Apothecary: Café Racer, 2828 Roosevelt Way N.E., 206-523-JAVA. U DISTRICT.
Time of entry: Around noon.
Level of hangover (1–10 scale, with 10 being a paralyzing head-thumper): A total zero -- jeez, that makes me feel old.
Level of waitstaff hangover: I'd say a zero here as well. Our waiter was a cute hipster who made a damn fine latte but couldn't serve breakfast worth a lick. He set our food down, then wandered away, never to return again. I had to keep jumping up to approach the counter to ask him each time we realized we were missing something -- jelly, ketchup, salt, pepper, the check. When I asked for the jelly, though, he brought out one packet of grape as well as the entire box of strawberry packets. It was adorable. I have never before used that term to describe a hipster.

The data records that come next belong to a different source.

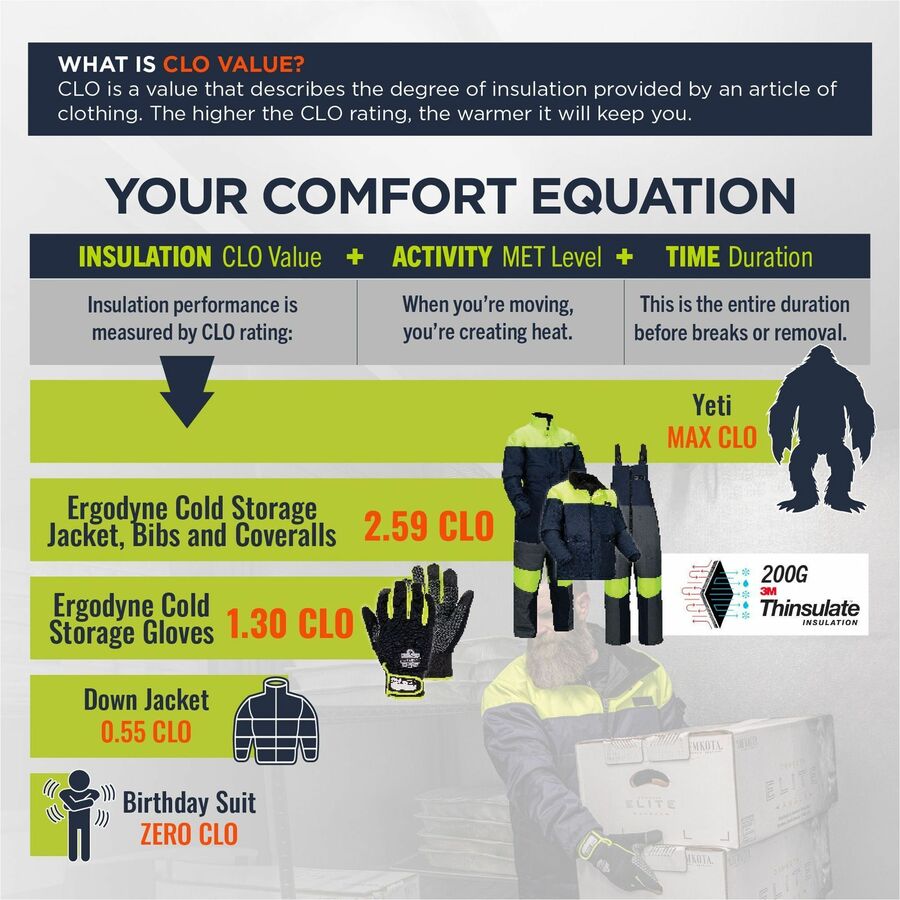 Ergodyne Insulated Freezer Bib Overalls - Alternate-Image2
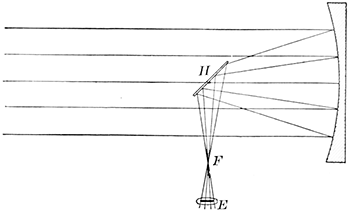 Fig. 39.—Essential parts of a reflecting
telescope.
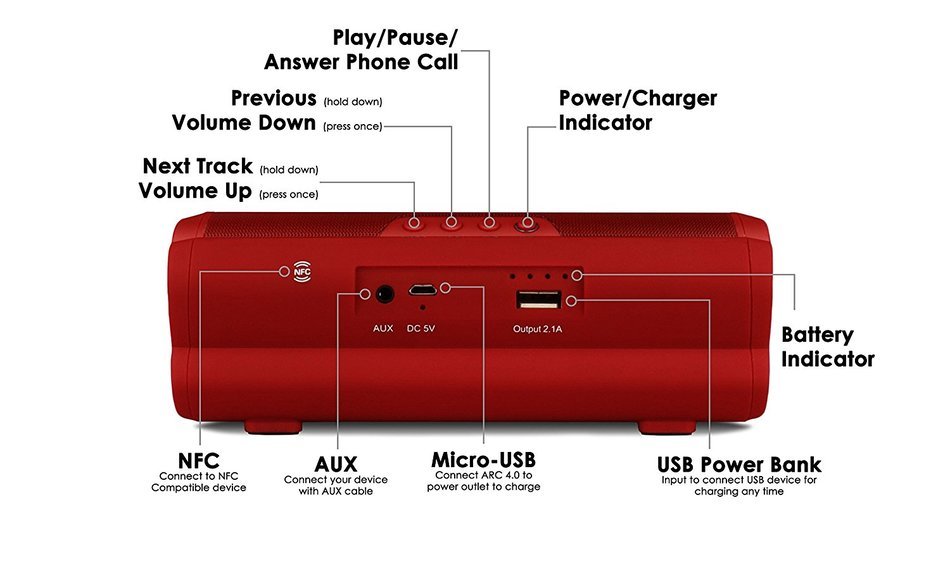 Nixeus ARC 4.0 Ultra-Portable Bluetooth 4.0 Wireless Speaker with aptX, Internal USB Power Bank, Built in Speakerphone... N10
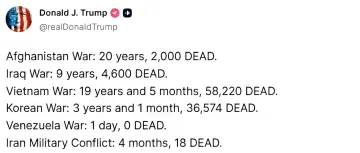 Твит Дональда Трампа со статистикой потерь США в войнах: Афганистан, Ирак, Вьетнам, Корея, Венесуэла и Иран — сравнение смертности и длительности конфликтов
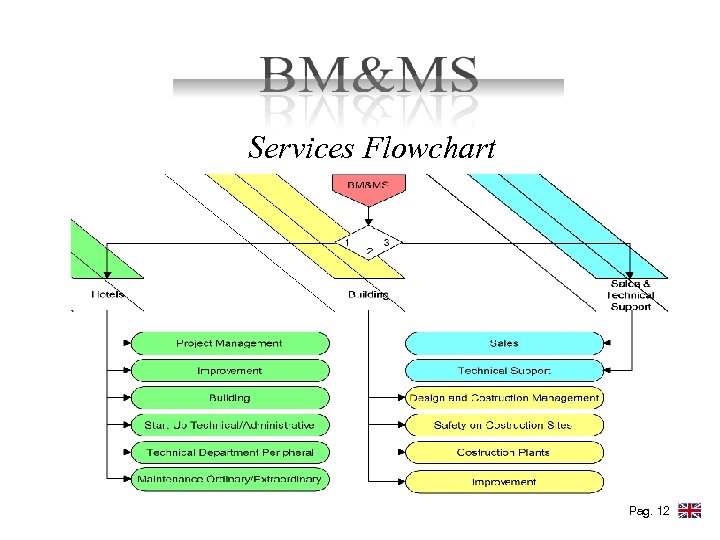 Services Flowchart Pag. 12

Prescriptions: Cafe Racer was recommended to me by a coworker from my old Trader Joe’s days. He would get off work around 11 a.m. and head over to the Racer for drinks. Unfortunately, I don’t think I quite fit in there, because my jeans are not nearly tapered enough and I don’t own a single item from American Apparel. Was there a line of hipsters waiting outside, with a director timing their entrance according to level of hipness? I’m pretty sure there was. Every five minutes or so, here came another, his shirt a little tighter, her sunglasses a little bigger.
Now this is where I should be going on and on about how none of that mattered because the food was so fantastic. But I can’t, because it wasn’t. My boyfriend ordered the chili omelet, while I opted for the Café Racer omelet, which has onions, peppers, cheese, and ham. Both come with potatoes and toast.The toast looked thick and wonderful but was dry and tasteless, and my omelet was nothing special. The breakfast potatoes were a solid “eh.” As for the chili omelet, who the hell orders chili for breakfast? Why would anyone subject their stomach to that kind of punishment first thing in the morning? I can't adequately comment on it, because I didn’t go anywhere near the omelet, but I can tell you that at the end of the meal, my boyfriend looked like he regretted his decision. I dropped him off at work moments later, making sure that his digestion would be his coworkers' problem, not mine.
Hair of the dog: This place is also a bar, and I don’t think anyone will look at you funny if you order an adult beverage before noon.
Success of the soak: Moderately successful. I'll keep this place in mind if I want a stiff drink in the a.m., but not for a delicious breakfast.